So, mates, I did indeed got to Mirror Lake last weekend. It was great fun.
Well. Um. Okay, most of us had fun.
We were determined to get out of the house by eleven A.M., and for once, it looked like we were going to accomplish this. I was out with my aunt Sue at about eleven, and my family was supposed to follow.
They didn't.
Sue got a call while I was in Taco Time getting some breakfast: the trailer, which we were borrowing from friends, had had its registration paid but the sticker hadn't been put on. Quite glad that it had be caught by us before we left instead of a cop on the road, Mother called the friends.
"Let me call my husband."
"He took it to work with him. We can get it in 45 minutes."
Something good came out of this delay: I remembered that my glasses were still at home.
Finally on the road, I surprised myself by actually carrying on a conversation with my aunt instead of reading all the way. The trip was uneventful, not counting when Father thought he heard something flapping around and when Sue and I noticed a brake light was out. We arrived at the ranger station to buy our tickets or whatever for the campsite.
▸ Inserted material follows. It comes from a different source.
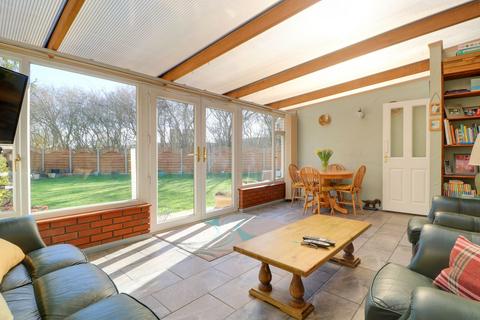 4 bedroom semi-detached house for sale, Isleham, Ely CB7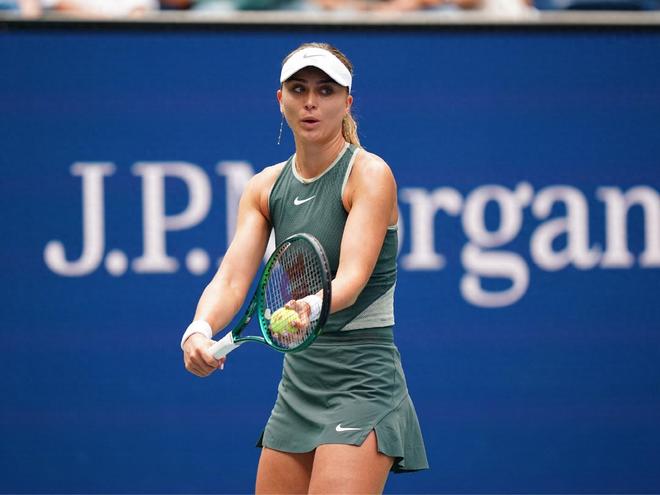 逐步收紧的 逐步收紧的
It is here that I notice a most wonderful, wonderful thing.
National Parks Monopoly.
I love Monopoly, mates, all different kinds of Monopoly. In fact, I don't really like the original; I want the interesting ones. My greatest regret when I visited Disneyland was that I bought Disney chess instead of Monopoly. I have an electronic Monopoly game. I love our Star Wars Monopoly. And now here was National Parks Monopoly staring me in the face!
Problem: I wasn't getting paid until the next day. And all of my money was in savings, with the idea that I wouldn't spend it.
So, my friends, I do not own National Parks Monopoly.
Yet.
Later that day, we made it to the campsite, where I fell into my role: while everyone else set up camp, cooked, made beds, and whatnot, I watched Caiti and read. Then there was food. Then there was... FIRE!
And there were marshmallows, of course. LissAnne was employing her usual practice of catching them on fire so she could sing a quick "Happy birthday to me! Happy birthday to me!" before blowing them out and eating them. Siri started copying her... but without one important step: she wasn't eating them.
"Siri, are you going to eat those, or just burn them?"
"Burn them."
Random the Pyro approves of this picture.
2 comments:
The house that I live in owns National Parks Monopoly.